Variational Learning of Inducing Variables in Sparse GPs
We will be discussing the paper "Variational Learning of Inducing Variables in Sparse Gaussian Processes" by Michalis K. Titsas, 2009. For those not well versed in GPs, I suggest the following tutorial by Mackay or Rasmussens book on Gaussian Processes. Bishop's book provides another useful resource. For the variational approach and KL divergence, browsing "Tutorial on variational approximation methods" by Tommi S. Jaakkola might be helpful. There's also a good tutorial in Bishop's book and a briefer one in Mackay's book (available online).
Initial meeting and Bayesian Non-parametrics
Modern Bayesian non-parametric methods provide a powerful technique for the modelling of various types of data. We will discuss the review "Bayesian nonparametrics and the probabilistic approach to modelling" by Zoubin Ghahramani, Phil. Trans.
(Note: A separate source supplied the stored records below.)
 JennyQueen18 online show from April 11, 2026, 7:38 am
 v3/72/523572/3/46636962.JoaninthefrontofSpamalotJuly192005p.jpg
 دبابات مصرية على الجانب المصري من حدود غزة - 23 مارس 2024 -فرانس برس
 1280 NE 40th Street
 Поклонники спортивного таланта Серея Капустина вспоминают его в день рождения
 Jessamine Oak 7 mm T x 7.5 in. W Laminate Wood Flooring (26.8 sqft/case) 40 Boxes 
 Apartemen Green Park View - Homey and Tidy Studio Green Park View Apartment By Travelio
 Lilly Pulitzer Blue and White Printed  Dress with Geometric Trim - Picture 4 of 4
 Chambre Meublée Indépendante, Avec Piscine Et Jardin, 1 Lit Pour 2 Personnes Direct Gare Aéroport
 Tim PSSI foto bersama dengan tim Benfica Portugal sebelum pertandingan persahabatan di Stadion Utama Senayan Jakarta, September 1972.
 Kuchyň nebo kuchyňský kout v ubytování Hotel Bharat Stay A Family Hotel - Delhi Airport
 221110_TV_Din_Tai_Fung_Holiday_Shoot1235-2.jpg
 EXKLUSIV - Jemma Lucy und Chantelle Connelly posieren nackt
R. Soc. 2011. If you would like to have a peak at some exciting non-parametric methods, also have a look at "The Indian Buffet Process: An Introduction and Review" by Thomas L. Griffiths and Zoubin Ghahramani, Journal of Machine Learning Research, 2011.
This reading group is currently organized by Martin Hjelm and myself. If you have ideas for papers we should discuss or other questions, please let me know, also
You can find the official 2014 course website here: DD3012 Machine Learning Reading Group. You can obtain 6 ECTS credits for this course, if you actively participate in at least 24 sessions and give at least two talks.